International students and specialist courses

For Nick Isles, recent ministerial comments about international students have been dangerously underinformed.
This article is more than 2 years old

Nick Isles is the chief executive officer at Condé Nast College of Fashion & Design.

It’s been widely reported (for instance in The Times) that the government is considering a cap on the number of foreign students allowed into the country as part of a drive to lower overall immigration.

This is clearly a panicked reaction to the news that net inward migration has reached an all-time of more than half a million souls.

Such a move would be economic vandalism, sacrificing one of the nation’s most successful methods of bringing in foreign cash on the altar of Brexit fundamentalism. Because make no mistake, the desperate dash to find ways to reduce immigrant numbers is essentially an attempt to disguise the truth that they have soared since we left the European Union.

Dependent story

The Home Secretary, Suella Braverman, says:

we have too many students coming into this country who are propping up, frankly, substandard courses in inadequate institutions.

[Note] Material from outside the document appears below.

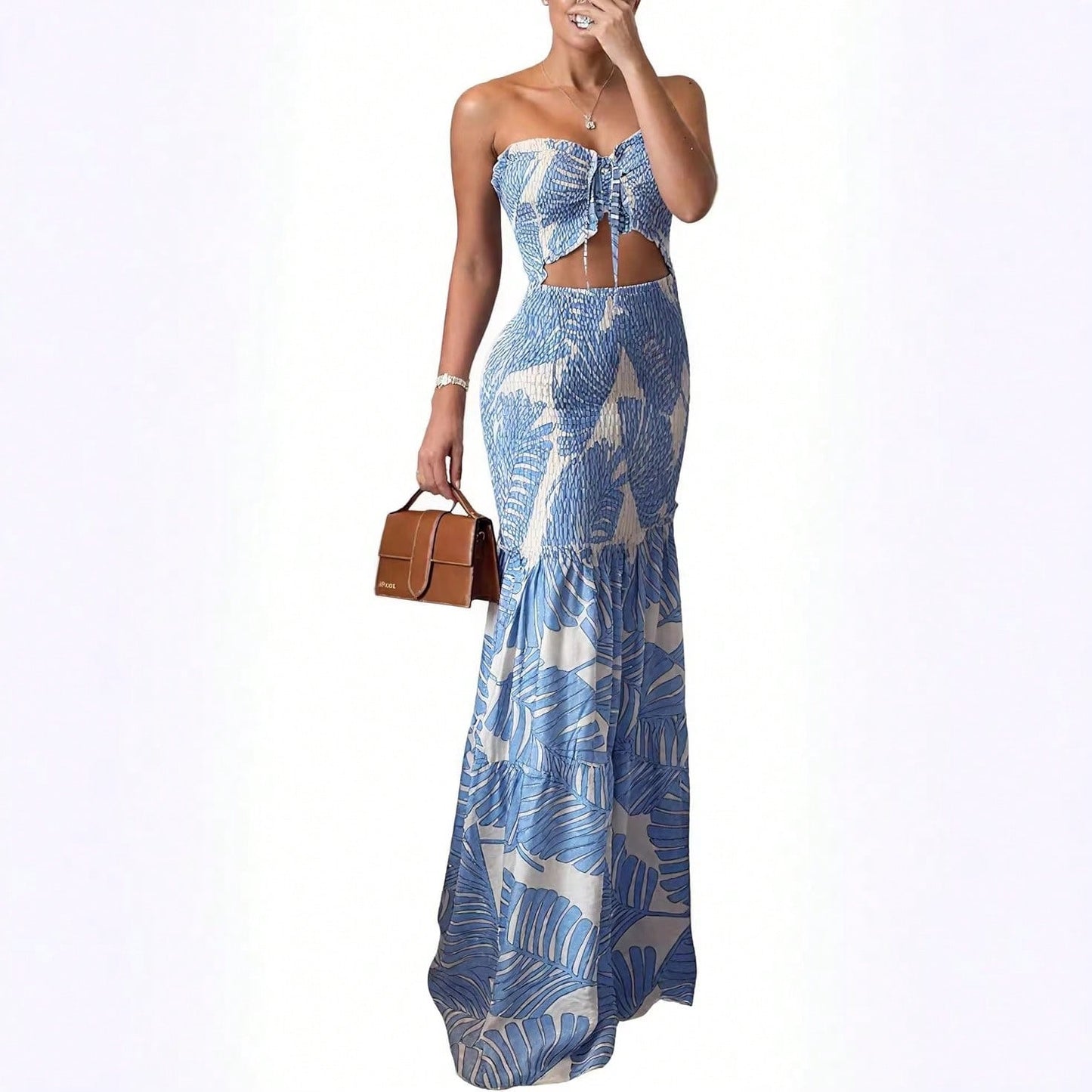 KZKZWK Women's Tropical Leaf Print Strapless Maxi Dress, Viral Sold Out Beach Dress, Cutout Waist Smocked Mermaid Dress, Flowy Tiered Hem, Summer Vacation Ou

Ms Braverman suggests many students are here for no better reason than to bring along hordes of family members to bask in Britain’s celebrated propensity to shower them with money and expensive public services to no benefit for the nation. Let’s look at those dependents first.

The Times article states that, for example, “Nigerians brought in by far the most dependants per applicant, with 50,631 bringing 51,637 dependants.” It’s an easy figure to object to, but where is the evidence of the economic impact of these families? What proportion of those 51,637 co-travellers are earning and paying tax, as opposed to those regarded as an unsustainable drain on the state? Where is the cost/benefit analysis? Without it, the statistic is meaningless.

Calculations of value

Turning to education, the Higher Education Policy Institute reports that the cash accrued to the UK from international students comes to just shy of £29 billion per year, or if you prefer, the equivalent of the entire budgets of the Home and Foreign Offices combined, with a little bit left over to pay for the Treasury and International Trade. Even by today’s inflationary standards, that’s still quite a lot of money.

At Condé Nast College of Fashion & Design, 70 per cent of our students come from overseas. Their value is not only measured in the money they spend on our courses. There is a real and indisputable need for quality, high calibre students in the creative industries, from wherever they come.

The Creative Industries Council has done some sums using data from the Department for Media, Culture and Sport, and reckons this sector produces about £104 billion per year (and steadily rising) for the UK – again, for context, equivalent to the budgets of the Departments for Education and Transport combined. This appears to be somewhat at variance with the Home Secretary’s understanding of the situation.

Rather than putting up the barricades, does it not make sense for Britain to welcome as many international students of potential as possible? Higher Education is one of the major USPs of our economy, and the university sector benefits greatly from being able to charge higher fees. The government is also missing a trick here in terms of a lucrative income stream. Why not institute a levy on the fees they pay – a learning windfall tax, if you will – to help subsidise our own hard-pressed domestic students who would also have to have safeguards built in to ensure they wouldn’t be crowded out?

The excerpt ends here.